# sine inequality

• June 28th 2008, 06:11 AM
fardeen_gen
sine inequality
The set of all x in the interval [0, π] for which 2 sin^2 x - 3 sin x + 1 ≥ 0 is?

I got three values of x:
π/6, 5π/6 and π/2

Options for the question are:
A) [π/6, 5π/6] U {π/2}
B) [π/6, 5π/6] - {π/2}
C) [π/6, 5π/6]
D) None

What is the correct option? And can someone explain the methodology behing representing the values in an interval or set?
• June 28th 2008, 06:52 AM
mr fantastic
Quote:

Originally Posted by fardeen_gen
The set of all x in the interval [0, π] for which 2 sin^2 x - 3 sin x + 1 ≥ 0 is?

I got three values of x:
π/6, 5π/6 and π/2

Options for the question are:
A) [π/6, 5π/6] U {π/2}
B) [π/6, 5π/6] - {π/2}
C) [π/6, 5π/6]
D) None

What is the correct option? And can someone explain the methodology behing representing the values in an interval or set?

Consider $2u^2 - 3u + 1 \geq 0$ (where $u = \sin x$) .....

So the solution is found from $\sin x \leq \frac{1}{2}$ or $\sin x \geq 1$ .....

So the solution is $0 \leq x \leq \frac{\pi}{6} \, \cup \, x = \frac{\pi}{2} \, \cup \, \frac{5 \pi}{6} \leq x \leq \pi$.

Option D.
• June 28th 2008, 09:17 AM
Mathstud28
Quote:

Originally Posted by fardeen_gen
The set of all x in the interval [0, π] for which 2 sin^2 x - 3 sin x + 1 ≥ 0 is?

I got three values of x:
π/6, 5π/6 and π/2

Options for the question are:
A) [π/6, 5π/6] U {π/2}
B) [π/6, 5π/6] - {π/2}
C) [π/6, 5π/6]
D) None

What is the correct option? And can someone explain the methodology behing representing the values in an interval or set?

If you are asking what specifically these intervals represent.

The notation

$[a,b]\cup[c,d]$

Means

$\forall{x}\in[a,n]\wedge[c,d]$

Or in other words

"Every x that is contained in the set $[a,b]$ AND $[c,d]$"

------------------
The notation

$[a,b]-d$

means

"Every x contained with in the set $a,b]$ EXCEPT $d$"
• June 28th 2008, 09:21 AM
Moo
Quote:

Originally Posted by Mathstud28
If you are asking what specifically these intervals represent.

The notation

$[a,b]\cup[c,d]$

Means

$\forall{x}\in[a,n] {\color{red}\wedge} [c,d]$ << ${\color{red}\vee}$, not ${\color{red}\wedge}.$

Or in other words

"Every x that is contained in the set $[a,b]$ AND $[c,d]$" << should be OR

Quote:

Originally Posted by Mathstud28
The notation

$[a,b]-{\color{red}\{}d{\color{red}\}}$

means

"Every x contained with in the set $[a,b]$ EXCEPT $d$"

tsssk
• June 28th 2008, 09:24 AM
Mathstud28
Quote:

Originally Posted by Moo
huh

You've never seen that? He has it above...

Like

$A\cup{C}-D$?

That is what I have always seen in Set Theory books.
• June 28th 2008, 09:26 AM
Mathstud28
Quote:

Originally Posted by Moo
tsssk

My bad...I knew it was or...

Because it means all the elements of two sets that are included in either. So if an element is included in one set and not the other it is still included in the union of the two sets.
• June 28th 2008, 09:26 AM
Moo
Quote:

Originally Posted by Mathstud28
You've never seen that? He has it above...

Like

$A\cup{C}-D$?

That is what I have always seen in Set Theory books.
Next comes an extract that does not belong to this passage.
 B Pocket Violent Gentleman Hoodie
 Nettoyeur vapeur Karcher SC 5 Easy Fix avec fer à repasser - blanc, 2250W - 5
For this notation, yes, but not when dealing with such intervals. d represents a single element, so in general (dunno what your book says.) you have to put it in brackets {d}.

Quote:

Originally Posted by Mathstud28
My bad...I knew it was or...

Because it means all the elements of two sets that are included in either. So if an element is included in one set and not the other it is still included in the union of the two sets.

Of course... you know everything, but you don't take enough care to read yourself............... when someone tells you the solution, it's always "I would have done this way !" "i knew it was that !"

Tsssk
• June 28th 2008, 09:30 AM
Mathstud28
Quote:

Originally Posted by Moo
For this notation, yes, but not when dealing with such intervals. d represents a single element, so in general (dunno what your book says.) you have to put it in brackets {d}.

Plus, I edited my post, to correct your blunders.

Yes, Moo...I like how when I have a typo its a "blunder" but when somone else does it "N'inquiete pas, tout le monde peut se tromper" (Smirk)